Collected data entries:
---
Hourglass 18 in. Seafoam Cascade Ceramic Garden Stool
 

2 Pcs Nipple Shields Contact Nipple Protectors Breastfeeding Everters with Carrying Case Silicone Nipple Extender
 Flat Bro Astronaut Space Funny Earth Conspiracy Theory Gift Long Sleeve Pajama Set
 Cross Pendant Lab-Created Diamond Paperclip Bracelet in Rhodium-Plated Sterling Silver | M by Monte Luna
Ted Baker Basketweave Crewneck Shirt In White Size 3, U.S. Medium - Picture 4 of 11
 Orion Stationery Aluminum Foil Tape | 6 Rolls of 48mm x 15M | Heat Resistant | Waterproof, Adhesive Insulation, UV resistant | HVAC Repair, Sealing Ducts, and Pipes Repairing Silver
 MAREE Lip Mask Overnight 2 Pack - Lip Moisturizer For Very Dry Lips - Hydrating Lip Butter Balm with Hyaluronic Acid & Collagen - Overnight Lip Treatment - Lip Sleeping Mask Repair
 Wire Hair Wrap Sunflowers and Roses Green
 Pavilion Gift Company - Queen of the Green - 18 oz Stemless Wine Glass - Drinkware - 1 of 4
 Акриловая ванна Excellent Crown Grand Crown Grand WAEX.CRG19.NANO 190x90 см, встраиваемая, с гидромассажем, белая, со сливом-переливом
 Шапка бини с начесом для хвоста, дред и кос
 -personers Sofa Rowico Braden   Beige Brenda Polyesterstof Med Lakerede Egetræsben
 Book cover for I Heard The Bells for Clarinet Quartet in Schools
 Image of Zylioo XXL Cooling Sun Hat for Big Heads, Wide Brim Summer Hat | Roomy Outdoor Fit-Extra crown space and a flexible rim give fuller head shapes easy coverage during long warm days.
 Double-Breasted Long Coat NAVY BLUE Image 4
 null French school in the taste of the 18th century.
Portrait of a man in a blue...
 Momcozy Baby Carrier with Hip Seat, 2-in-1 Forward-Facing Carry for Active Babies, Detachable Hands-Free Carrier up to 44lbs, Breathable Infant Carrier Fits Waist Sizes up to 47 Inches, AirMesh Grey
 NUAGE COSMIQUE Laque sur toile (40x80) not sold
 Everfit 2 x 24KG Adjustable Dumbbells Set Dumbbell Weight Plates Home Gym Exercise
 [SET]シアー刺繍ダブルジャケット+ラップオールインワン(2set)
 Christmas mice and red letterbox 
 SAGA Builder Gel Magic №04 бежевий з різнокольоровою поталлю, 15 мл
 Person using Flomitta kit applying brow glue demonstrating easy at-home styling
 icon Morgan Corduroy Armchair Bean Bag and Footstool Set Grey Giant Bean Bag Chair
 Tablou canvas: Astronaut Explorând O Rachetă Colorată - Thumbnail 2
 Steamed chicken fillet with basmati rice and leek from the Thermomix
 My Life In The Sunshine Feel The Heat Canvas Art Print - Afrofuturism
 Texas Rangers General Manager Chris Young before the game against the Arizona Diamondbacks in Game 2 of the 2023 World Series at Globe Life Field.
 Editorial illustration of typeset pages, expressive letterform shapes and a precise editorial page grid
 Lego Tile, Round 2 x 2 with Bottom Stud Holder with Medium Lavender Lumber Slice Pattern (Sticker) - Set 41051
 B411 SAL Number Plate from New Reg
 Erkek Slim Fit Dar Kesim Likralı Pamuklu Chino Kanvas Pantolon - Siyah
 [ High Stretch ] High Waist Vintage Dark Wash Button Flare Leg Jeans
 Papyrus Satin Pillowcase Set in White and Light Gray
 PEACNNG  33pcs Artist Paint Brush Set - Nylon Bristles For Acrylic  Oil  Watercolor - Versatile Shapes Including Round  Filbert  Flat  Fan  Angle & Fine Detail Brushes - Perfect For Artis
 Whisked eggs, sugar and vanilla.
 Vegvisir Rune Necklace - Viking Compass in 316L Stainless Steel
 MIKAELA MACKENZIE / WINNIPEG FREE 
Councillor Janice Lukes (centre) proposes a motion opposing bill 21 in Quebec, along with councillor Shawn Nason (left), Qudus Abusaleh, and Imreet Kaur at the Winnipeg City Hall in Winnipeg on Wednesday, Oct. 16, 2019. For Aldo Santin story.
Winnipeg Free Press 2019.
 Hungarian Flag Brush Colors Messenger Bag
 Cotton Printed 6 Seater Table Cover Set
---
About this exercise » You are asked to transcribe all of the data above exactly.

Output for this exercise »
Hourglass 18 in. Seafoam Cascade Ceramic Garden Stool
 

2 Pcs Nipple Shields Contact Nipple Protectors Breastfeeding Everters with Carrying Case Silicone Nipple Extender
 Flat Bro Astronaut Space Funny Earth Conspiracy Theory Gift Long Sleeve Pajama Set
 Cross Pendant Lab-Created Diamond Paperclip Bracelet in Rhodium-Plated Sterling Silver | M by Monte Luna
Ted Baker Basketweave Crewneck Shirt In White Size 3, U.S. Medium - Picture 4 of 11
 Orion Stationery Aluminum Foil Tape | 6 Rolls of 48mm x 15M | Heat Resistant | Waterproof, Adhesive Insulation, UV resistant | HVAC Repair, Sealing Ducts, and Pipes Repairing Silver
 MAREE Lip Mask Overnight 2 Pack - Lip Moisturizer For Very Dry Lips - Hydrating Lip Butter Balm with Hyaluronic Acid & Collagen - Overnight Lip Treatment - Lip Sleeping Mask Repair
 Wire Hair Wrap Sunflowers and Roses Green
 Pavilion Gift Company - Queen of the Green - 18 oz Stemless Wine Glass - Drinkware - 1 of 4
 Акриловая ванна Excellent Crown Grand Crown Grand WAEX.CRG19.NANO 190x90 см, встраиваемая, с гидромассажем, белая, со сливом-переливом
 Шапка бини с начесом для хвоста, дред и кос
 -personers Sofa Rowico Braden   Beige Brenda Polyesterstof Med Lakerede Egetræsben
 Book cover for I Heard The Bells for Clarinet Quartet in Schools
 Image of Zylioo XXL Cooling Sun Hat for Big Heads, Wide Brim Summer Hat | Roomy Outdoor Fit-Extra crown space and a flexible rim give fuller head shapes easy coverage during long warm days.
 Double-Breasted Long Coat NAVY BLUE Image 4
 null French school in the taste of the 18th century.
Portrait of a man in a blue...
 Momcozy Baby Carrier with Hip Seat, 2-in-1 Forward-Facing Carry for Active Babies, Detachable Hands-Free Carrier up to 44lbs, Breathable Infant Carrier Fits Waist Sizes up to 47 Inches, AirMesh Grey
 NUAGE COSMIQUE Laque sur toile (40x80) not sold
 Everfit 2 x 24KG Adjustable Dumbbells Set Dumbbell Weight Plates Home Gym Exercise
 [SET]シアー刺繍ダブルジャケット+ラップオールインワン(2set)
 Christmas mice and red letterbox 
 SAGA Builder Gel Magic №04 бежевий з різнокольоровою поталлю, 15 мл
 Person using Flomitta kit applying brow glue demonstrating easy at-home styling
 icon Morgan Corduroy Armchair Bean Bag and Footstool Set Grey Giant Bean Bag Chair
 Tablou canvas: Astronaut Explorând O Rachetă Colorată - Thumbnail 2
 Steamed chicken fillet with basmati rice and leek from the Thermomix
 My Life In The Sunshine Feel The Heat Canvas Art Print - Afrofuturism
 Texas Rangers General Manager Chris Young before the game against the Arizona Diamondbacks in Game 2 of the 2023 World Series at Globe Life Field.
 Editorial illustration of typeset pages, expressive letterform shapes and a precise editorial page grid
 Lego Tile, Round 2 x 2 with Bottom Stud Holder with Medium Lavender Lumber Slice Pattern (Sticker) - Set 41051
 B411 SAL Number Plate from New Reg
 Erkek Slim Fit Dar Kesim Likralı Pamuklu Chino Kanvas Pantolon - Siyah
 [ High Stretch ] High Waist Vintage Dark Wash Button Flare Leg Jeans
 Papyrus Satin Pillowcase Set in White and Light Gray
 PEACNNG  33pcs Artist Paint Brush Set - Nylon Bristles For Acrylic  Oil  Watercolor - Versatile Shapes Including Round  Filbert  Flat  Fan  Angle & Fine Detail Brushes - Perfect For Artis
 Whisked eggs, sugar and vanilla.
 Vegvisir Rune Necklace - Viking Compass in 316L Stainless Steel
 MIKAELA MACKENZIE / WINNIPEG FREE 
Councillor Janice Lukes (centre) proposes a motion opposing bill 21 in Quebec, along with councillor Shawn Nason (left), Qudus Abusaleh, and Imreet Kaur at the Winnipeg City Hall in Winnipeg on Wednesday, Oct. 16, 2019. For Aldo Santin story.
Winnipeg Free Press 2019.
 Hungarian Flag Brush Colors Messenger Bag
 Cotton Printed 6 Seater Table Cover Set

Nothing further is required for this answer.